Polymer gel holds promise for flexible lithium ion batteries
A new type of polymer gel developed by scientists at the University of Leeds could replace the volatile and hazardous liquid electrolyte currently used in most lithium batteries.
The technology, developed by Professor Ian Ward and his team, can be made into a thin, flexible film via a fully automated process that is fast, efficient and low cost - paving the way for cheaper and safer Li-ion batteries with more power.
The researchers have also developed and patented a manufacturing process called extrusion/lamination which sandwiches the gel between an anode and cathode at high speed (10m per minute) to create a highly conductive strip that is just nanometres thick.

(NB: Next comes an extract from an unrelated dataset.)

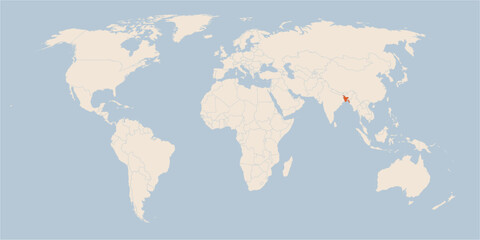 Vector map of the world in pastel colors with the country of Bangladesh highlighted highlighted in orange.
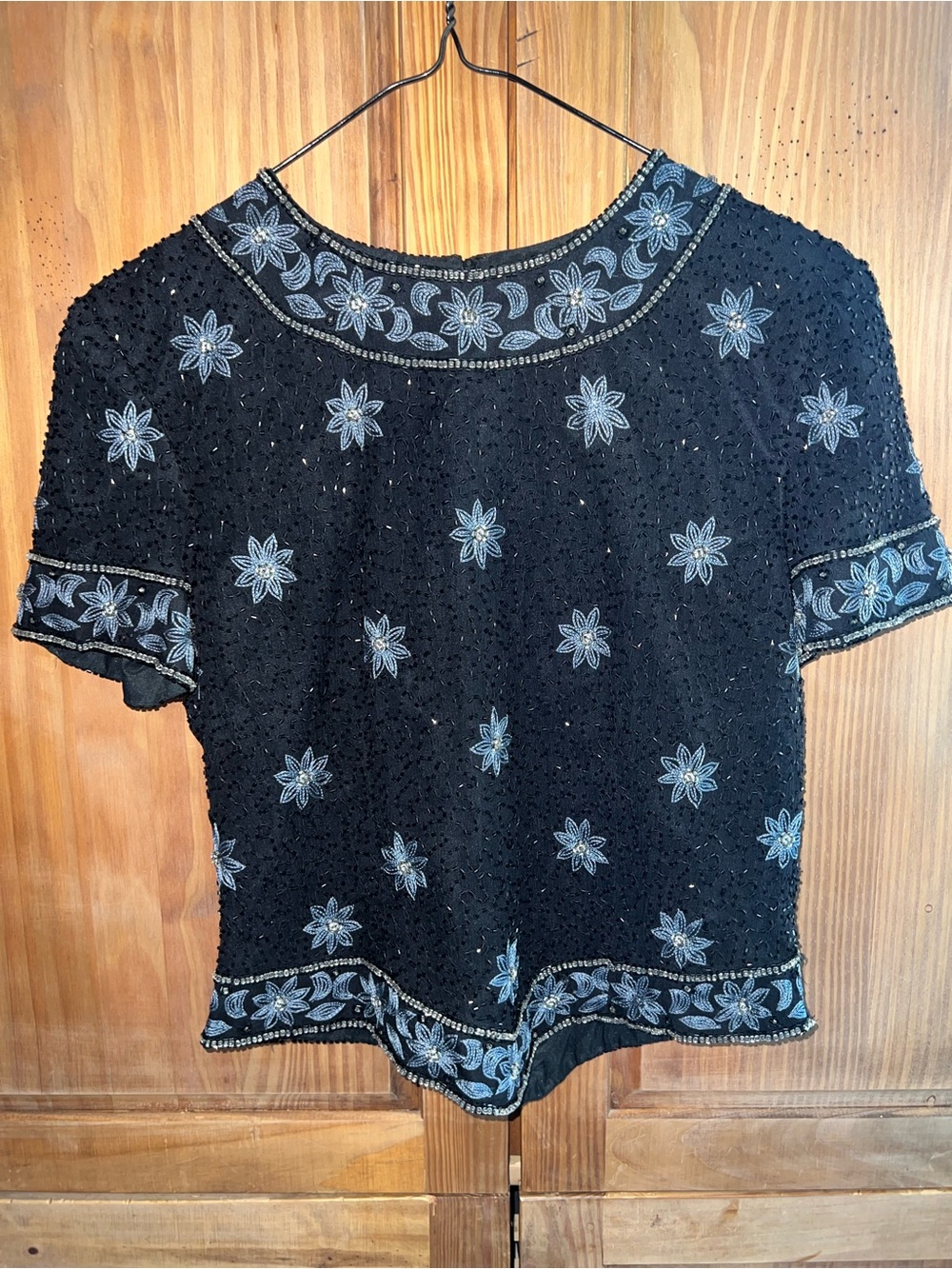 Cite D Azur Vintage Silk Beaded Embroidered Black Blue Floral Blouse Small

According to Prof Ward, the resultant polymer gel film can be cut to any size and permits a fully automated process which is cost effective and safe. The lamination process also seals the electrodes together so that there is no excess flammable solvent and liquid electrolyte.
"The polymer gel looks like a solid film, but it actually contains about 70% liquid electrolyte." Ward explained. "It's made using the same principles as making a jelly: you add lots of hot water to 'gelatine' - in this case there is a polymer and electrolyte mix - and as it cools it sets to form a solid but flexible mass".
As well as being safe and damage tolerant, the flexible cells can be shaped and bent to fit the geometries of virtually any device.
The technology has been licensed to American firm Polystor Energy, which is currently conducting trials to commercialise cells for portable consumer electronics.